Accessible palettes for deuteranopia: what actually works

Deuteranopia is the most common form of color blindness — caused by missing or non-functional M (medium-wavelength, green) cones. It affects about 5% of males and 0.4% of females (X-linked inheritance). For deuteranopes, certain color pairs collapse into one perceived color: red ↔ green, brown ↔ olive, light blue ↔ pink, and dark blue ↔ purple. A palette is "deuteranopia-accessible" when no two semantically distinct colors collapse into the same perceived color under deuteranope simulation.

Battle-tested palettes researchers actually use

Several palettes have been engineered and validated for color-blindness accessibility. Pick from these instead of designing from scratch:

  • Wong palette — Bang Wong's 2011 Nature Methods paper proposed 8 colors safe across the three main color-blindness types: black, orange, sky blue, bluish green, yellow, blue, vermillion, reddish purple. Still the gold standard for scientific figures.
  • Okabe–Ito palette — 8-color set used widely in Nature Methods; nearly identical to Wong and often credited together.
  • Viridis — perceptually uniform colormap, matplotlib's default since 2017. Safe for all forms of color blindness, including monochromacy. Available as a sequential gradient for continuous data.
  • Cividis — viridis variant optimized specifically for deuteranopia and protanopia. Use it when you know your audience leans toward red-green deficiency.
  • ColorBrewer 2 — Cynthia Brewer's set (used in cartography for decades), with sequential, diverging, and qualitative palettes all tagged for color-blind safety. colorbrewer2.org has a filter for "colorblind safe".
  • IBM Design accessible palette — IBM's corporate color system ships with documented accessible variants.

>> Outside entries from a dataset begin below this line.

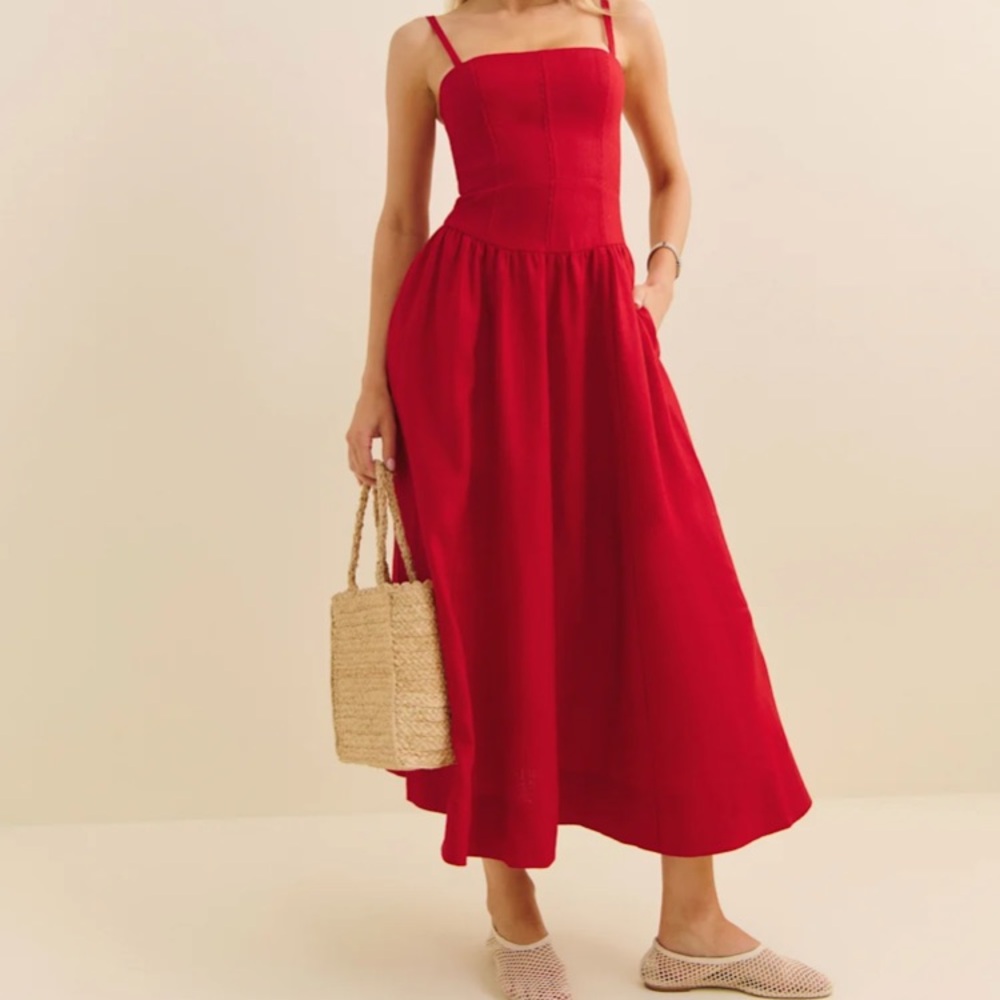 “Sale” Katarin Linen Dress in Lipstick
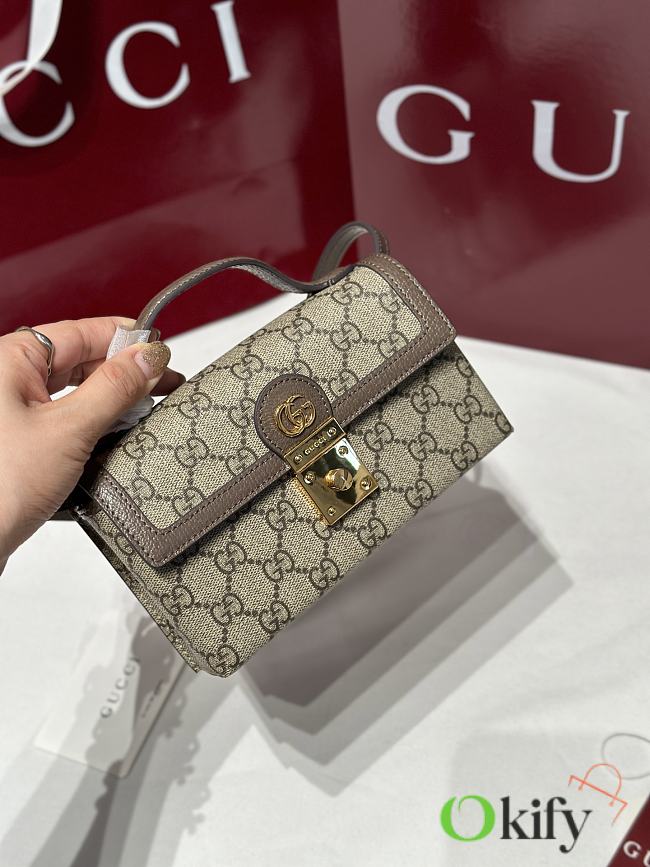 Okify Gucci Padlock Bag In Beige Canvas And Brown 18.5x11x5cm - 1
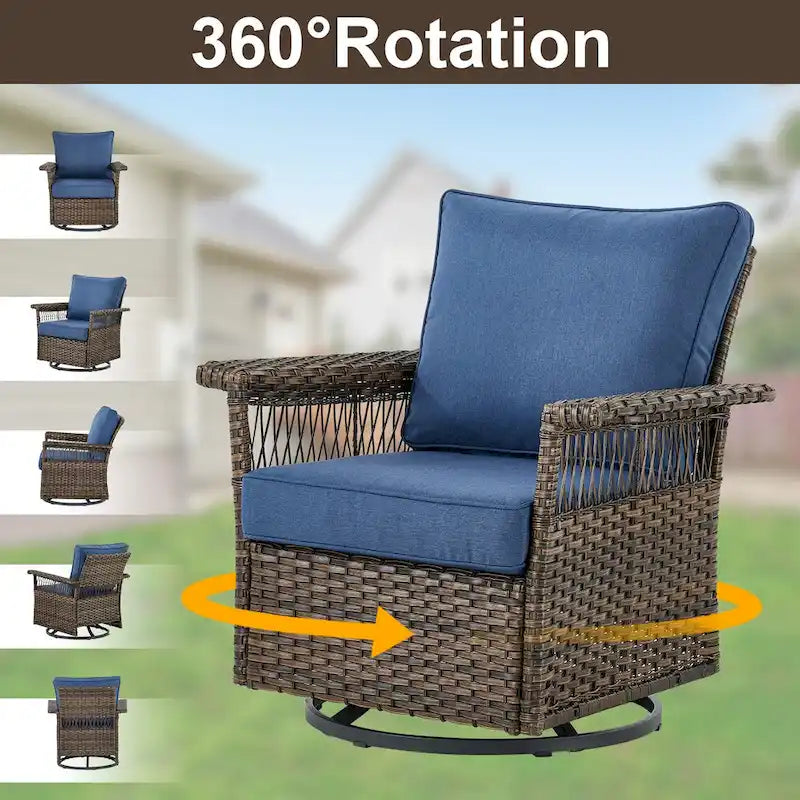 Gymojoy Patio Sectional Outdoor Sofa with Swivel Chair Table - Brown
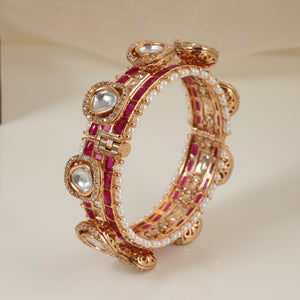 Royal gold plated kundan ruby stone kada bangle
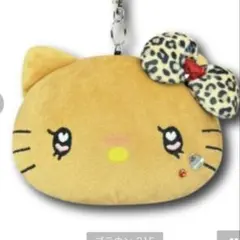 日焼けキティー顔型ポーチ レオパードリボン付き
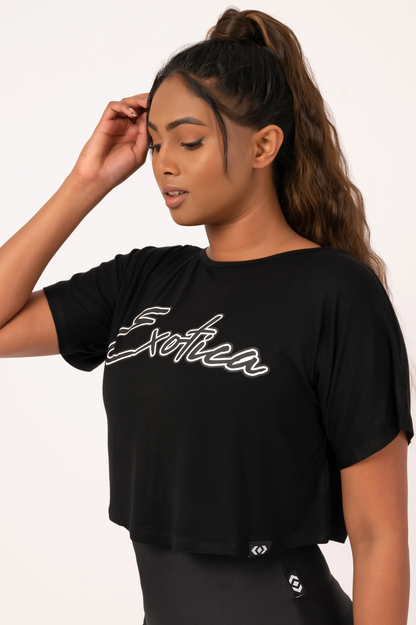 Black Slinky To Touch - Exotica Cropped Tee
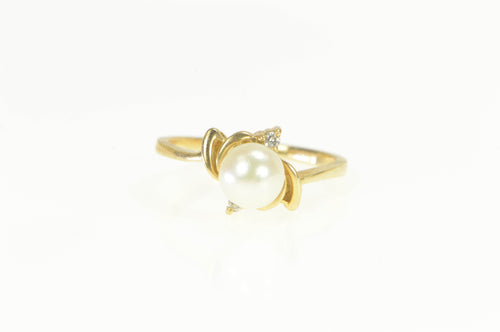 14K Classic 6.8mm Pearl Diamond Accent Bypass Ring Yellow Gold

Design rules that go beyond palette choice

A safe palette is necessary but not sufficient. Three habits multiply accessibility:

  • Vary luminance, not just hue — two colors with the same lightness can become indistinguishable under deuteranopia. Spread your palette across the lightness axis as much as across hue.
  • Add redundant encoding — shape, pattern, position, or direct labels. A scatterplot with circles, triangles, and squares stays readable even fully desaturated.
  • Avoid pure red + green together — the classic confusing pair. Hollywood-style teal + orange grading is incidentally color-blind safe; that is part of why it became dominant in cinema.

Tools to test under simulated deuteranopia

Don't ship without testing under simulation:

  • Chrome DevTools — Rendering panel → "Emulate vision deficiencies" → Deuteranopia / Protanopia / Tritanopia / Achromatopsia. Built in, zero install.
  • Stark — Figma plugin with real-time CVD simulation and contrast checking.
  • Sim Daltonism — free macOS app with live screen simulation.
  • Color Oracle — free cross-platform (Mac, Windows, Linux) full-screen filter.
  • Coblis — web-based image simulator from color-blindness.com.

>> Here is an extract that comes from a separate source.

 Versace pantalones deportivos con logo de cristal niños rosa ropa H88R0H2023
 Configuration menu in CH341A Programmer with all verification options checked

Standards and legal context

WCAG 2.1 — Success Criterion 1.4.1 "Use of Color" requires that color is never the only means of conveying information. Under Brazil's Lei Brasileira de Inclusão (LBI, Law 13.146/2015), accessible information design is a legal requirement for public-facing services. Newsrooms have caught up: Folha de São Paulo and O Globo's data desks have published color-blind-safe charts since 2020, and Tableau and Power BI both ship with built-in color-blind palettes by default.

FAQ

Can I use vibrant colors at all? Yes — viridis and cividis are vibrant and gradient-friendly and remain safe under simulation. Vibrancy is not the enemy; uncontrolled hue clashes are.

Do I need to test with a real person with deuteranopia? Simulators (Stark, Color Oracle, Chrome DevTools) catch 90% of issues. For high-stakes public-facing work, recruit color-blind reviewers — confusions that look subtle in simulation are jarring in lived experience.

Is color enough on its own? No — WCAG 1.4.1 explicitly forbids relying on color alone. Always add shape, pattern, position, or label as a redundant channel.

What about protanopia and tritanopia? Protanopia (missing L cones, ~1% of males) has very similar confusions to deuteranopia, so the same palettes generally work. Tritanopia (missing S cones, <0.01%) is rare and confuses blue/yellow rather than red/green — viridis and Wong stay safe.